Omit every picture and return the rest of the data unaltered.

▬▬▬▬▬▬▬▬▬▬

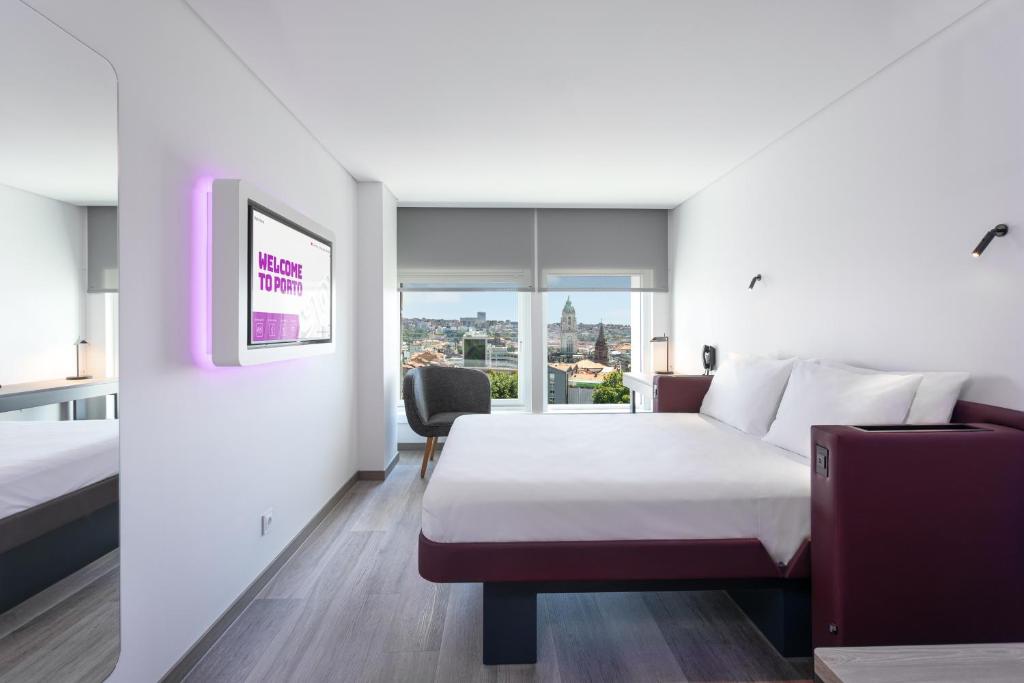 Hôtel YOTEL Porto Rua Gonçalo Cristóvão, 216 4000-265 Porto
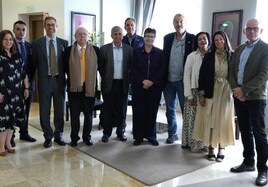 Foto de familia de las delegaciones de la ULE y la Universidad de Washington.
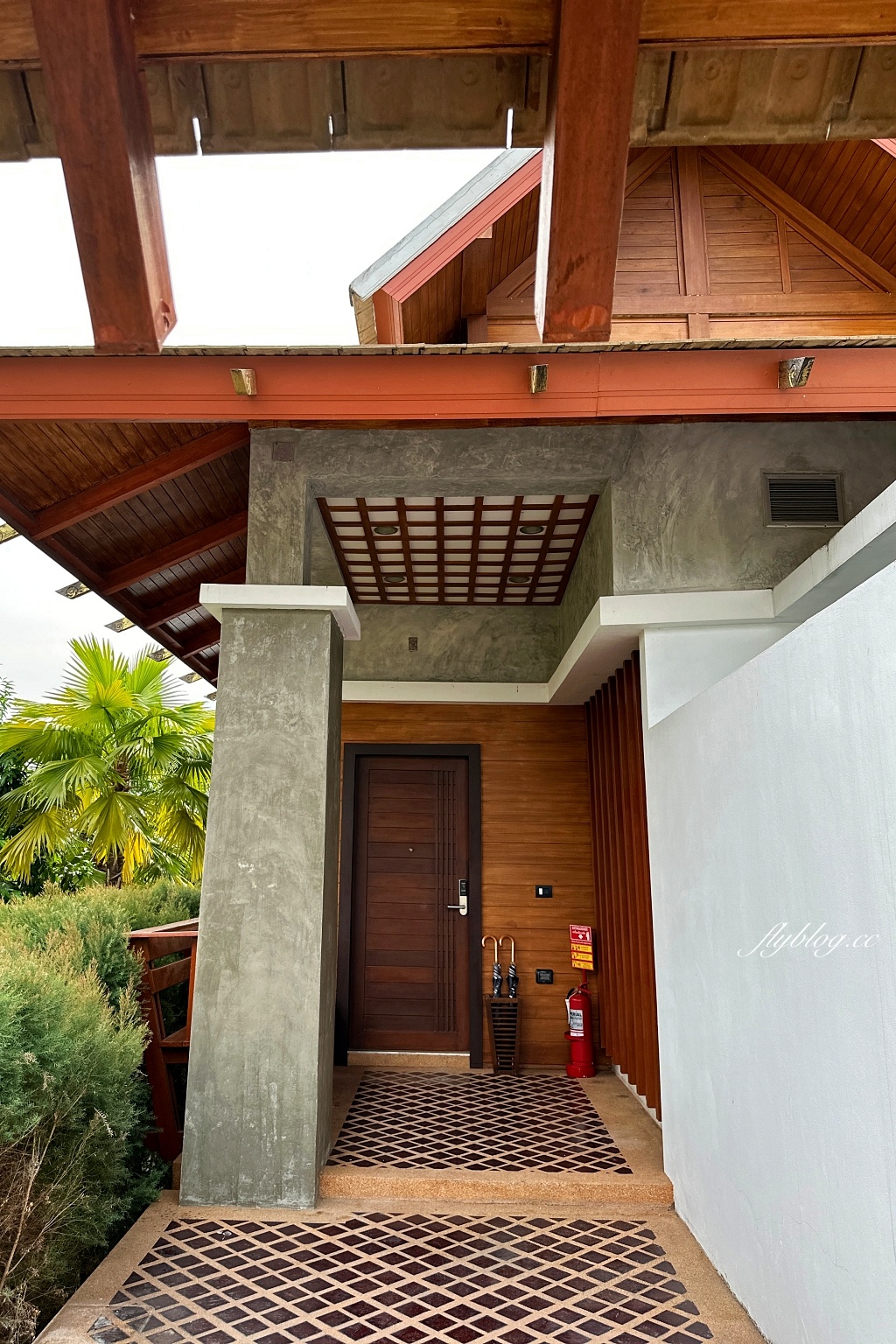 泰國清邁｜Thantara Resort Chiangmai，清邁頂級villa渡假村，獨棟小木屋享有私人游泳池 @飛天璇的口袋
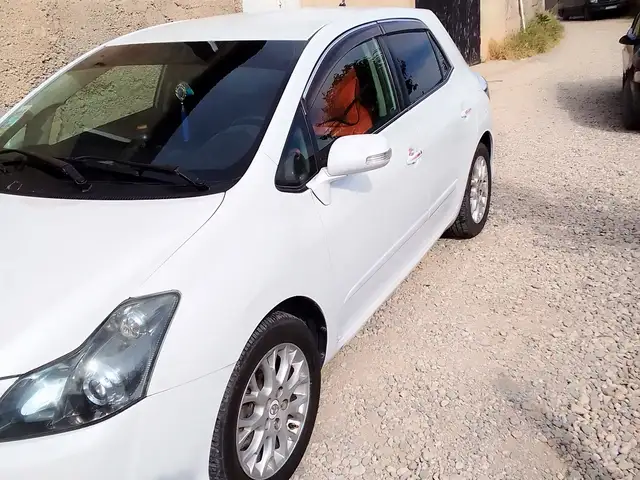 Toyota Blade
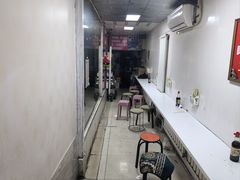 大堂-二七友名焖子铺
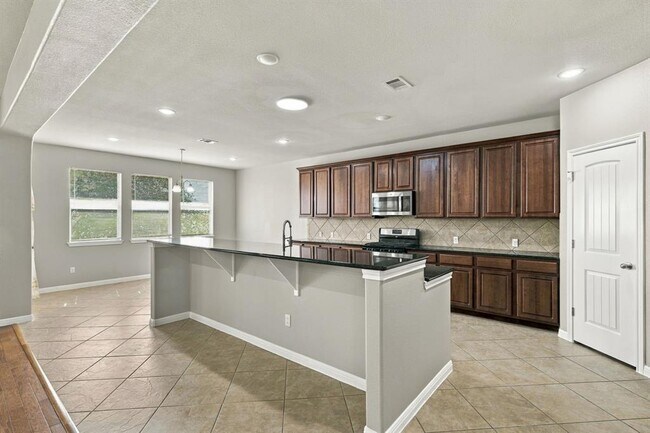 Building Photo - 17805 Silent Harbor Loop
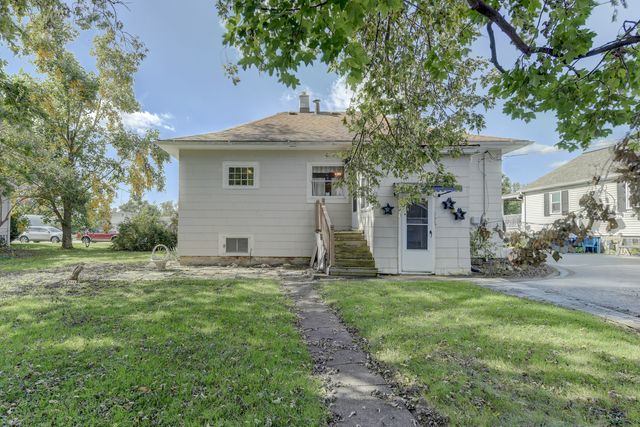 1583 East Avenue, Crete, IL 60417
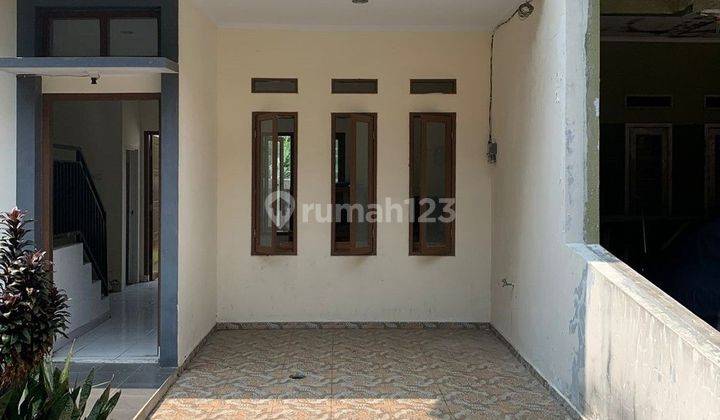 Dijual Rumah Lokasi Strategis di Cibinong  1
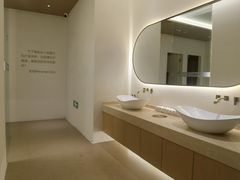 -左右Massage/Spa(长寿路店)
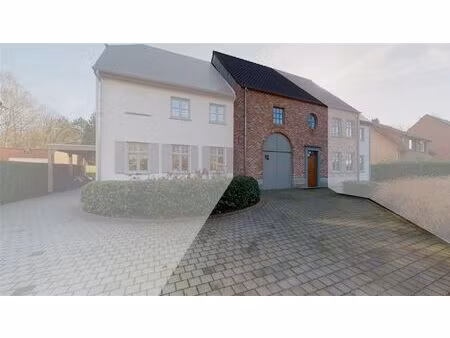 zeer ruime kwalitatieve woning met inpandige garage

▬▬▬▬▬▬▬▬▬▬

Solution:
 Hôtel YOTEL Porto Rua Gonçalo Cristóvão, 216 4000-265 Porto
 Foto de familia de las delegaciones de la ULE y la Universidad de Washington.
 泰國清邁｜Thantara Resort Chiangmai，清邁頂級villa渡假村，獨棟小木屋享有私人游泳池 @飛天璇的口袋
 Toyota Blade
 大堂-二七友名焖子铺
 Building Photo - 17805 Silent Harbor Loop
 1583 East Avenue, Crete, IL 60417
 Dijual Rumah Lokasi Strategis di Cibinong  1
 -左右Massage/Spa(长寿路店)
 zeer ruime kwalitatieve woning met inpandige garage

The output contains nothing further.